BEGIN Data provided

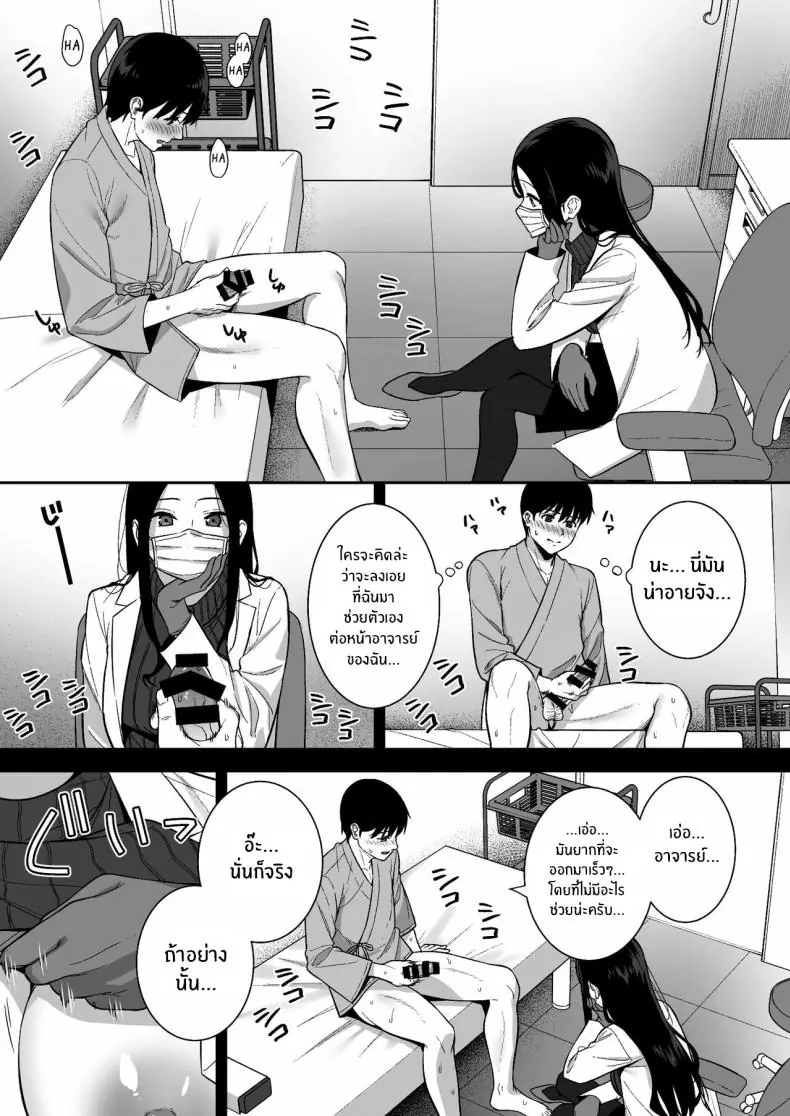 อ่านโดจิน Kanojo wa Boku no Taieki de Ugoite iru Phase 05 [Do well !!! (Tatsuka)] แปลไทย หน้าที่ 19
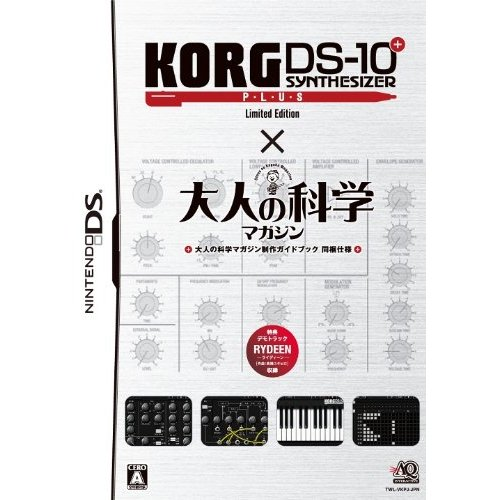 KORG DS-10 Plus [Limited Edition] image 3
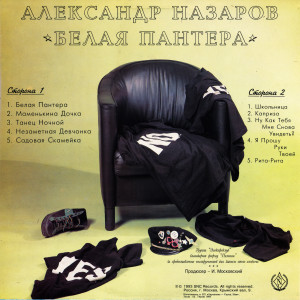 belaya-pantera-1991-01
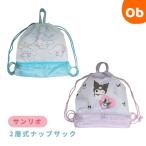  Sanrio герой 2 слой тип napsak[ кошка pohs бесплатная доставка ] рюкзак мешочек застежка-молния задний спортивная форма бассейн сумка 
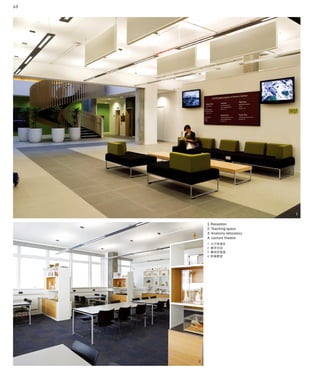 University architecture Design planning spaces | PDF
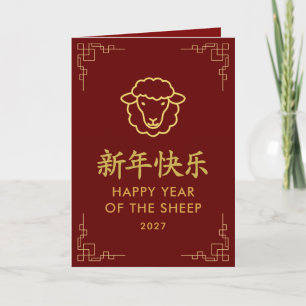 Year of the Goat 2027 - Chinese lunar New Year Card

END Data provided

## Aim of the task:
Return the records above verbatim, images excluded.

## Finished exercise:
 อ่านโดจิน Kanojo wa Boku no Taieki de Ugoite iru Phase 05 [Do well !!! (Tatsuka)] แปลไทย หน้าที่ 19
 KORG DS-10 Plus [Limited Edition] image 3
 belaya-pantera-1991-01
  Sanrio герой 2 слой тип napsak[ кошка pohs бесплатная доставка ] рюкзак мешочек застежка-молния задний спортивная форма бассейн сумка 
 University architecture Design planning spaces | PDF
 Year of the Goat 2027 - Chinese lunar New Year Card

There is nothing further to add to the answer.